The line between what a sandwich technically is and what a sandwich technically isn't can blur substantially at a place like Bäco Mercat, especially when you've got the drinks menu in front of you. Spend an afternoon in downtown Los Angeles at chef Josef Centeno's latest easy-bites spot and you may come away scratching your head at what you just ate, but you'll also be rubbing your stomach in fond memory.
The namesake bäco sandwich ($11) falls into pita/flatbread/puffy taco category, with an airy, lightly crisped 'U' of pliable dough holding in all of the ingredients. It's not eaten upright, like a taco, but generally head-first, like an oversized Martin's Potato Roll with the back hinge of bread still attached. As for the ingredients? Well, this place just gets curiouser and curiouser.

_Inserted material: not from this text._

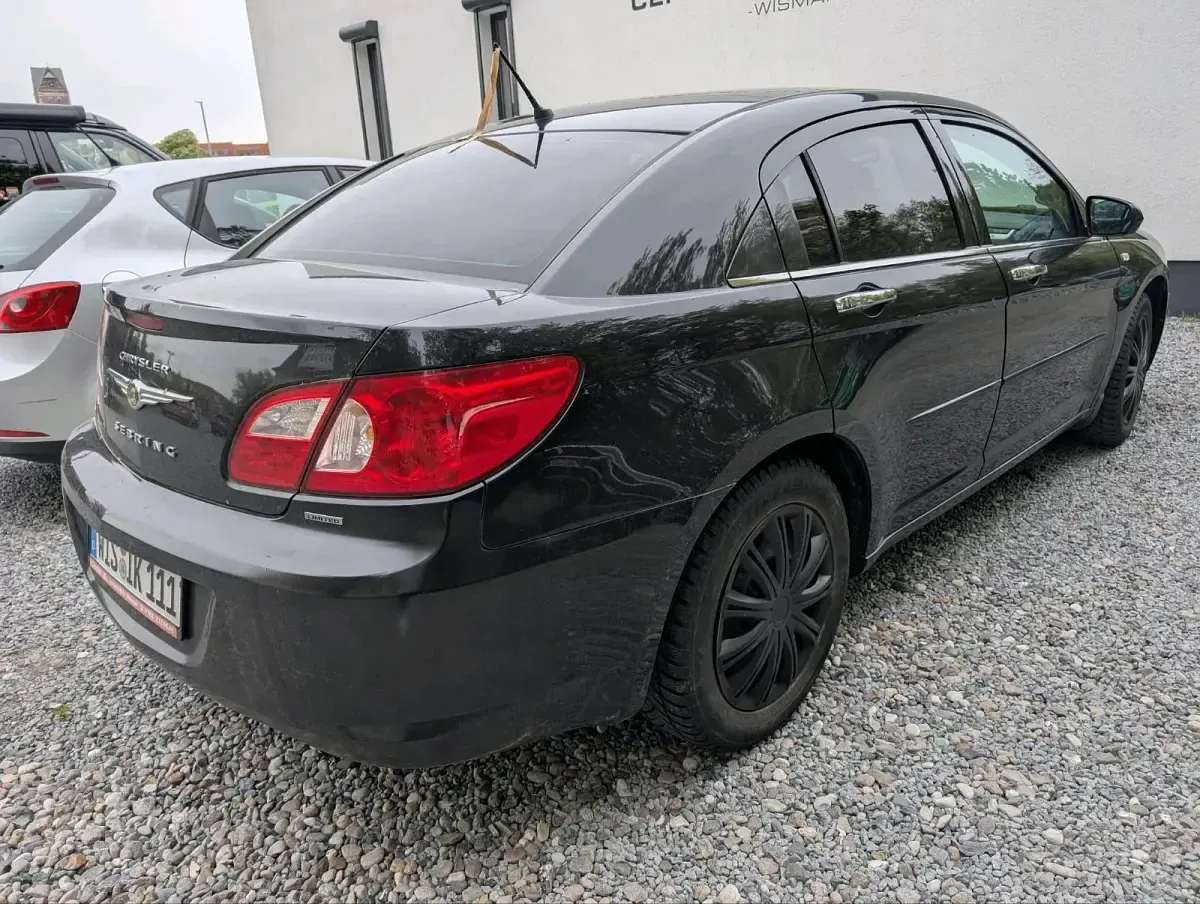 Begagnad Chrysler Sebring 190 HK (139 kW) 2010 Svart Sedan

Plenty of people favor "the original," a mix of lightly glazed pork belly and beef carnitas with spicy salbixtada to liven things up a bit. However, burger lovers will swoon for "the toron," a funky oxtail take on one of LA's most beloved two-handed meals. The pressed hash patty arrives shimmering with juiciness and laid on by a thick slice of cheddar. Although the hash is cooked through, the creamy, fragrant, almost tzatziki-like sauce makes absolutely sure you won't need any help swallowing each savory bite. Topped off with fresh greens and crispy fried potatoes (latke, anyone?), the toron is a transformative sandwich, at least with its more-than-meets-the-eye approach. Whatever this thing is, it's unstoppable.